Watch: BCRS Plastic Bottle System Is A Tax On People, Simon Mercieca Warns
Independent MEP candidate Simon Mercieca has warned that the BCRS plastic bottle reverse vending machines have imposed a “tax” on regular people.
“Climate change is being used to oppress people further, particularly those at the bottom,” Mercieca said yesterday during an Ewropej fil-Pjazza debate in Mosta that Lovin Malta and MaltaToday organised.
“Many measures are being introduced. Properties have become more expensive because they need to be energy efficient, and we are spending a lot of money to make Castille and other places energy efficient.
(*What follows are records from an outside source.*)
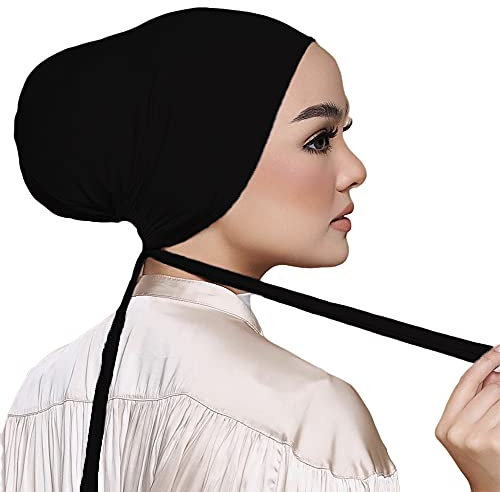 Hophor Women's Jersey Hijab Caps Solid Color Hijab undercap Black Stretch Cap Underscarf(Black)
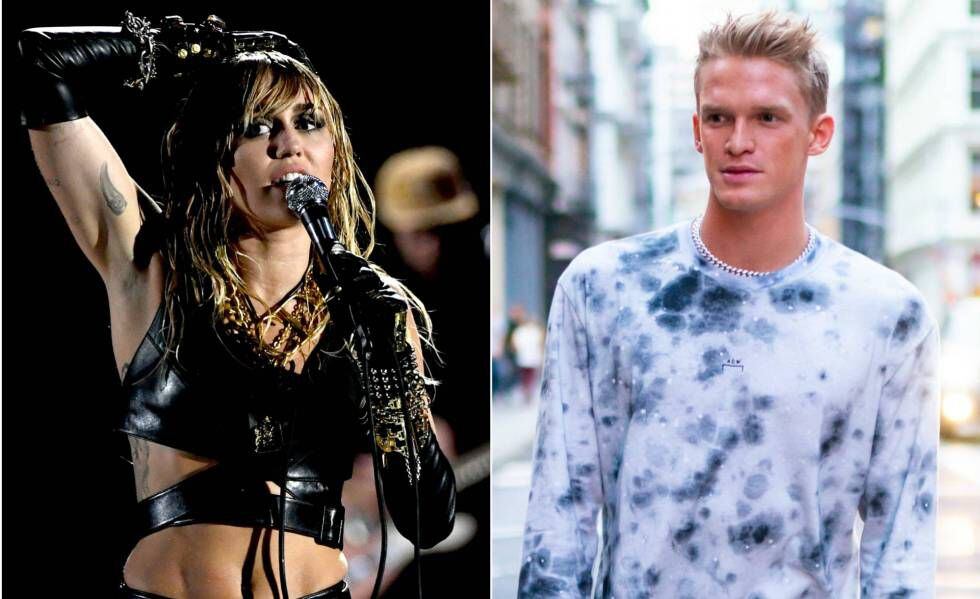 Los cantantes Miley Cyrus y Cody Simpson.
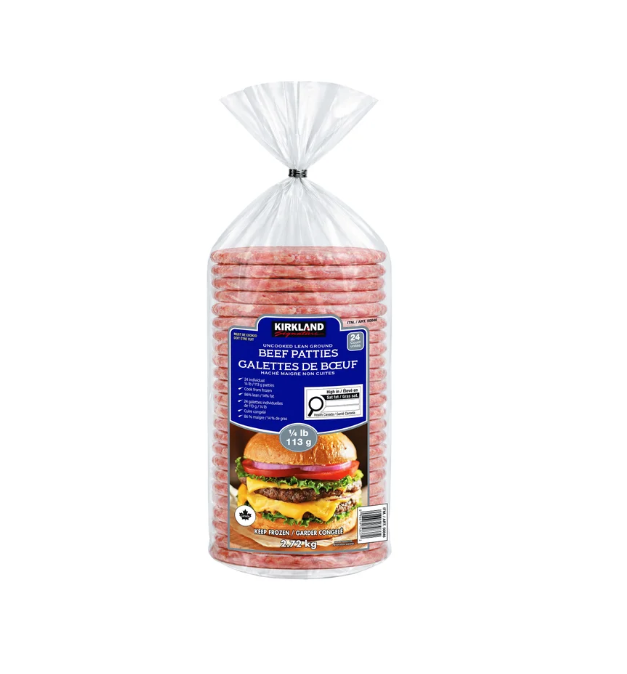 KIRKLAND SIGNATURE Lean Beef Patties 24x113, 2.72 Kg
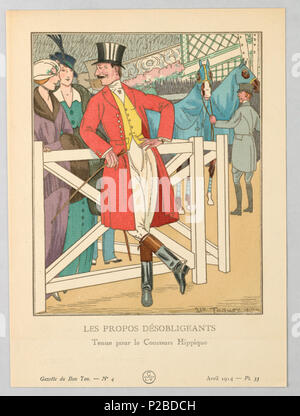 . Anglais : Imprimer. (France), AVRIL 1914 . Anglais : Le sous-titre suivant : les propos désobligeants / Tenue pour le Concours Hippique. Homme en blanc Centre d'équitation bottes d'équitation, pantalon, gilet jaune, manteau rouge et noir top hat à l'école de la gare. L'homme se retourne et parle à deux femmes, centre gauche, En manteaux de fourrure et accessoires au sommet robes de jour et équipé d'un casque de protection. Derrière eux, au centre, à droite, un autre homme debout tenant deux chevaux couverts en blouse bleue. . Avril 1914 269 Imprimer. (France), avril 1914 (CH) 18614933 Banque D'Images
I’m not talking against the environment but against the measures.”
The candidate, a history lecturer at the University of Malta, went on to criticise the BCRS system that was introduced last year.
“The reality is that people at the bottom now have to pay an extra tax for water and life has become 10% more expensive,” he said. “When you deposit the bottles, they only give you your money back through a receipt, whereas in the past you would receive 2c for a bottle.”
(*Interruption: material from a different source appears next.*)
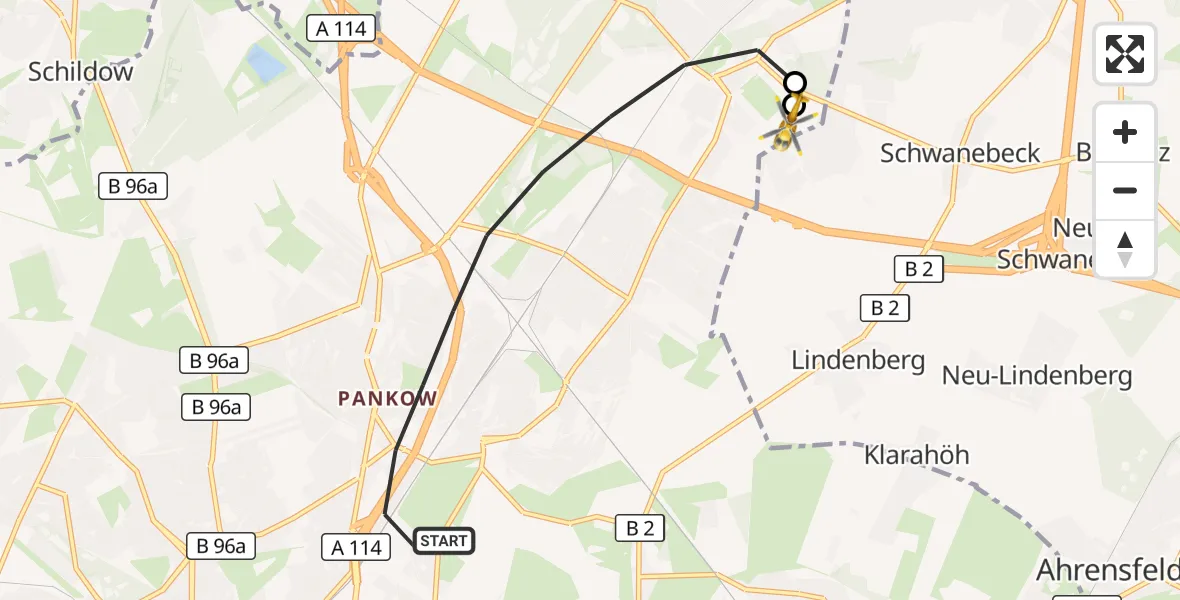 Flugroute Rettungshubschrauber Berlin - Helios Clinic Berlin-Buch, 04 September 2026, 12:19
“This system is actually helping the BCRS, because the 10% charge on all the bottles that aren’t deposited end up in their pockets. This is the truth.”
ADPD candidate Ralph Cassar stressed that the ultimate goal should be eliminating plastic bottles entirely and criticised large European political groups like the EPP for voting against climate change directives at the European Parliament.
PL candidate Steve Ellul stressed that climate change measures should focus more on the “carrot” than the “stick”.
“We cannot use EU laws to penalise families, self-employed and businesses, and as socialists we must stress the point further that we need to incentive ecological transition,” he said.
Ellul noted that the Maltese government has introduced incentives, through grants and low charging tariff rates, to encourage people to purchase electric cars and said the strategy is working.
“No one used to buy electric cars before these incentives, but now 60% of new cars on the road are electric,” he said. “The EU needs to absorb this ideas that accelerating ecological transition shouldn’t be at the cost of economic progress, but that we should incentivise families, businesses and self-employed people to be the driving force themselves.”